Pour une étude statistique sous l’angle chronologique, un autre problème se fait jour : la surreprésentation des périodes récentes (tableau 1 : distribution chronologique des cloches). Cette surreprésentation permet d’envisager de véritables études statistiques sur ces périodes (XVe siècle en particulier, avec trois cent cinquante-huit pièces). Par contre, pour les périodes les plus anciennes (XIIIe et XIIe siècle même si ce dernier n’est pas connu par des cloches datées), les statistiques ne sont pas envisageables du fait du trop faible nombre de spécimens (trente pour le XIIIe siècle et sept antérieures à cette période). De plus, la décoration des cloches anciennes étant souvent pauvre voire inexistante, les données disponibles pour chaque pièce sont moins nombreuses. L’analyse statistique est donc plus d’autant plus délicate.

D’un point de vue statistique, on peut estimer que la représentativité générale de notre inventaire est bonne et que les statistiques sont assez fiables car portant sur un grand nombre de pièces.

Concernant les moules de cloches, la situation est totalement différente. Dans ce cas, en effet, nous sommes tributaires des fouilles d’église et de leur publication.

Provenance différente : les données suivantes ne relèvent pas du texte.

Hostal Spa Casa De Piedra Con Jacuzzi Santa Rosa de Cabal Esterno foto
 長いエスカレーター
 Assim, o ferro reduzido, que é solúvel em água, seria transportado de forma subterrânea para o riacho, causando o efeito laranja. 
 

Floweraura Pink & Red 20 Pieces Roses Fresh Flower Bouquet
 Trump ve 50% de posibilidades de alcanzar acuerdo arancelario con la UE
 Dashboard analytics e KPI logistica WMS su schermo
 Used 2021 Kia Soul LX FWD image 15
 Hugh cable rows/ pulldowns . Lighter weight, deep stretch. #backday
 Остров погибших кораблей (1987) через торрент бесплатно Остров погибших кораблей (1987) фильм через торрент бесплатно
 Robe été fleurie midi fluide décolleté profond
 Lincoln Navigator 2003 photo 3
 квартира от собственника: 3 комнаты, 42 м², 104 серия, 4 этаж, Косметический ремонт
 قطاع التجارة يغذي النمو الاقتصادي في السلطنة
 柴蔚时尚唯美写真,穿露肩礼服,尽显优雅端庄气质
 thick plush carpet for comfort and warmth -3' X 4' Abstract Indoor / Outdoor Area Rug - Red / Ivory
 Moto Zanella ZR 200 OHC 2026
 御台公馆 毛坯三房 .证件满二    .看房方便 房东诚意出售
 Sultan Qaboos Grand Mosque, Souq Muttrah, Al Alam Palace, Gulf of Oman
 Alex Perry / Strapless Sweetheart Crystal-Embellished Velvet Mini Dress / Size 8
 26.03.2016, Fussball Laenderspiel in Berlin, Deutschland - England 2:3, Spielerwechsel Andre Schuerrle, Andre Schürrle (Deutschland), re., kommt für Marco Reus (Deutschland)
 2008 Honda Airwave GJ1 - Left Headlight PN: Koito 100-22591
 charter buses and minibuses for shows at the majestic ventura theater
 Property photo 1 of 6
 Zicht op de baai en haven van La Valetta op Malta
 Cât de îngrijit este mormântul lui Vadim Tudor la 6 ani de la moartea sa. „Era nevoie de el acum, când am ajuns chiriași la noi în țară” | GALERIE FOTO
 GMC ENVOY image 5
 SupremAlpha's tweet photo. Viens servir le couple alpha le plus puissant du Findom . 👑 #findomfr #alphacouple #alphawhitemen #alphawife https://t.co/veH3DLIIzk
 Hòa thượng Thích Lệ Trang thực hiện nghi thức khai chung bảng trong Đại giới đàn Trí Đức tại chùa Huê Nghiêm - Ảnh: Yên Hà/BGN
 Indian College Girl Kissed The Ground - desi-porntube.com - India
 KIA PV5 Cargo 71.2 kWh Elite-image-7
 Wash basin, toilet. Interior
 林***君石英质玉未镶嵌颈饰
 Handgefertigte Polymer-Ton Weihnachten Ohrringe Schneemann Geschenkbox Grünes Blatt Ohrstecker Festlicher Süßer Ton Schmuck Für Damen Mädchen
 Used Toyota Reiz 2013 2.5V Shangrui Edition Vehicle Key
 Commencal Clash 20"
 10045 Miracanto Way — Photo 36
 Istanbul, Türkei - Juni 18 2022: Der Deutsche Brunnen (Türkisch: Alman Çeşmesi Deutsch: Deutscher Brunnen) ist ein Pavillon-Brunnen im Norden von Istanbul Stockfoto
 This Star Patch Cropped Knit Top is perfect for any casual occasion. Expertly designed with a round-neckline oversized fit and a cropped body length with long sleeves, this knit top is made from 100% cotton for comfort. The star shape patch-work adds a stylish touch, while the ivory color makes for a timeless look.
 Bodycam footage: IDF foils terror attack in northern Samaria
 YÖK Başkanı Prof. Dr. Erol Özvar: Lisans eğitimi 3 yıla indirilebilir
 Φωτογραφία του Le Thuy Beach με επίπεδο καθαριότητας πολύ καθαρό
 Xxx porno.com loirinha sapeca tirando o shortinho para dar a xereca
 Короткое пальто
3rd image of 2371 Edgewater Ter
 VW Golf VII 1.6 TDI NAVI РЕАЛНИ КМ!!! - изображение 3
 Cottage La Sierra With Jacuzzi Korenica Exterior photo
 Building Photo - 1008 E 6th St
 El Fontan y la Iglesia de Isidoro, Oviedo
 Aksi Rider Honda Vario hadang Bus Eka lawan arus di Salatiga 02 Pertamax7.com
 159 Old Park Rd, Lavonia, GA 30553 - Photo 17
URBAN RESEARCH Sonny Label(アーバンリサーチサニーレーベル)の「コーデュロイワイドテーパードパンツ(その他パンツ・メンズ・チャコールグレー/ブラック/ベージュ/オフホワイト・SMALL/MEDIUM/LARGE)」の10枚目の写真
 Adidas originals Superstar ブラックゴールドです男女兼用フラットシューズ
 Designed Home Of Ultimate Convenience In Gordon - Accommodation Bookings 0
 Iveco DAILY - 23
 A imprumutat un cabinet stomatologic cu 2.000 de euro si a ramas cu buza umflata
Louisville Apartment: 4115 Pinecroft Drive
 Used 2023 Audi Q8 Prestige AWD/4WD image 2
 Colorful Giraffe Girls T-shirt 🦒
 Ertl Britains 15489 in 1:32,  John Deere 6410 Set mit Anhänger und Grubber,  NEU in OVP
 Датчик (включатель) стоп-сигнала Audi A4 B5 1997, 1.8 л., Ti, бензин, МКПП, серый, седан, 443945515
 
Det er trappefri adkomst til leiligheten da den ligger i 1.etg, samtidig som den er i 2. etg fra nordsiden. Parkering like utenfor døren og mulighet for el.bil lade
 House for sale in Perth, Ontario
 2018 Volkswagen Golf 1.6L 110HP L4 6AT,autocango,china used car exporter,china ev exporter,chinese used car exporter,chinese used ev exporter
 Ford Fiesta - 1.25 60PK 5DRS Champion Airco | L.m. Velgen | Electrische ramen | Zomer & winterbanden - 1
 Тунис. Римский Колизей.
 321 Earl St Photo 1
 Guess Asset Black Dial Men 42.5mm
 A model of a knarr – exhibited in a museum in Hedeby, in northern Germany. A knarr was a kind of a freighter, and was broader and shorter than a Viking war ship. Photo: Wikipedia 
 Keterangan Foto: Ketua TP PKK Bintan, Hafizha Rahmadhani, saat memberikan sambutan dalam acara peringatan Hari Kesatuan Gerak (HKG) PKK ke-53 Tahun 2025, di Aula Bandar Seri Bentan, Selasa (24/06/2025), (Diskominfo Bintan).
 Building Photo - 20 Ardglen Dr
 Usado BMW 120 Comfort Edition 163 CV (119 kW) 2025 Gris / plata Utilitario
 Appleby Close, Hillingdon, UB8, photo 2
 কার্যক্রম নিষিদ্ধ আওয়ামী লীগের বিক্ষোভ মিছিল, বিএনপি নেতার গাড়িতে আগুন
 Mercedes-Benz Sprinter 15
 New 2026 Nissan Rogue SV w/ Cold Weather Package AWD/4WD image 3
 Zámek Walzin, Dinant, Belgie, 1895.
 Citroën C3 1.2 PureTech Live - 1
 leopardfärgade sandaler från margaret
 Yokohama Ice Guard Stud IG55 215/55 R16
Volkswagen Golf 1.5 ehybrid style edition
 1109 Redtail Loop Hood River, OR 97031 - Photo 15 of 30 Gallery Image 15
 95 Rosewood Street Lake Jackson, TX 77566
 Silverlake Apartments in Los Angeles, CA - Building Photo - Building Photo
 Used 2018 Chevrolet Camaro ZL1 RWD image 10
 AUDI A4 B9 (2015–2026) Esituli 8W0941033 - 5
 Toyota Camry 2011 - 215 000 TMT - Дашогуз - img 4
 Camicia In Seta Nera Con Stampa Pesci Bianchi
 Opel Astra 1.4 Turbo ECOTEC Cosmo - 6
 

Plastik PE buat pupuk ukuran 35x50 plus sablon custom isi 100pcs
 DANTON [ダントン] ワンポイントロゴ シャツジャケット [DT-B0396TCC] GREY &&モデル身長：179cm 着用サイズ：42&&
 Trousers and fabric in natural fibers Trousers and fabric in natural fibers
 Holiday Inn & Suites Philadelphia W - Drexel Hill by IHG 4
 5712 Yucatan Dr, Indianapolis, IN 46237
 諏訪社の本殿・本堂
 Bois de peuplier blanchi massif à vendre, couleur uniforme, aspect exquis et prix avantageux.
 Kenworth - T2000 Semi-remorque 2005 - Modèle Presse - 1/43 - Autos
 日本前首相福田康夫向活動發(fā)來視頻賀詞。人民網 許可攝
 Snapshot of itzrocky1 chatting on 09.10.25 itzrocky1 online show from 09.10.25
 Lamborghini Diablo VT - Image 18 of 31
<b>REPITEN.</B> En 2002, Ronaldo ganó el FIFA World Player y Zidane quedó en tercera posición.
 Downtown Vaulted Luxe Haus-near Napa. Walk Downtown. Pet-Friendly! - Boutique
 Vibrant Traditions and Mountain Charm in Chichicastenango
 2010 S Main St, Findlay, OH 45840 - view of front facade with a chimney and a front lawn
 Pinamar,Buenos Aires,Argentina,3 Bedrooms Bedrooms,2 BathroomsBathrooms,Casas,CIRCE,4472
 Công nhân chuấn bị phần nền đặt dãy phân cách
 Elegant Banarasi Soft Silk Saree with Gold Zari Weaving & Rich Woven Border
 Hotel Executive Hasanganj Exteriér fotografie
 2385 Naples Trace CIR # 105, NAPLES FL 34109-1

De plus, lorsque l’intervention archéologique se limite à quelques sondages, il n’est pas évident que les structures campanaires soient rencontrées ou complètement fouillées. L’étude de ces structures est encore un phénomène rare et elles ne sont souvent pas considérées comme le témoin d’une activité majeure de l’édifice. Pourtant, à l’instar d’une campagne de construction, la réalisation d’une cloche est une phase importante d’embellissement (sonore) de l’édifice. Le réflexe n’est pas encore pris d’étendre la fouille pour pouvoir observer la structure campanaire complète lorsqu’elle est rencontrée en bordure de sondage. La présence d’une structure campanaire est encore quelquefois ressentie comme une perturbation des structures d’occupation 53 et non comme une phase d’occupation à part entière.

Pour établir la liste des ateliers de fonte découverts, nous avons utilisé les chroniques d’Archéologie Médiévale. Or la découverte d’une structure campanaire n’est pas toujours relatée dans ces courts résumés d’opération. Le « four de cloche » est l’un des descripteurs utilisés par la carte archéologique et permet donc de compléter la liste issue du dépouillement d’Archéologie Médiévale. Nous parvenons ainsi à une image assez complète des structures campanaires découvertes en France. Nous pouvons dire qu’il est complet à 90% environ 54 et donc, que les lacunes telles que nous pouvons les évaluer ne mettent pas en cause la validité d’une analyse statistique.

Pour ce qui est des archives qui nous ont principalement fourni des données sur les fondeurs eux-mêmes, le travail que nous présentons ici ne se veut en aucun cas complet. Il présente simplement des pistes de recherche ultérieures. Il s’est limité à un recensement de documents disponibles (souvent publiés) que nous n’avons pu consulter faute de temps. Des disproportions géographiques importantes existent donc tant pour l’origine des fondeurs que pour leurs lieux d’exercice. Nous devons les garder à l’esprit lors de notre analyse.

Notes
51.

Bien que n’étant pas uniquement un inventaire, ce travail regroupe un grand nombre de données sur les cloches de ce département.

52.

Ce chiffre inclut les carillons qui regroupent de grandes séries de cloches récentes.

53.

Sols d’occupation, inhumations…

54.

Nous tenons à remercier ici tous les archéologues qui nous ont permis l’accès au matériel découvert lors de leurs fouilles.